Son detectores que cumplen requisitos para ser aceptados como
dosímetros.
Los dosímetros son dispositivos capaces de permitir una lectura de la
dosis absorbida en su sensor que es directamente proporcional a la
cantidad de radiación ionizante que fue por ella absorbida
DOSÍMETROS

→ Goal of the exercise
With the line containing "Los dosímetros son" as the first and the final line of the records as the last, copy that span exactly and nothing more.

→ Solution below
Los dosímetros son dispositivos capaces de permitir una lectura de la
dosis absorbida en su sensor que es directamente proporcional a la
cantidad de radiación ionizante que fue por ella absorbida
DOSÍMETROS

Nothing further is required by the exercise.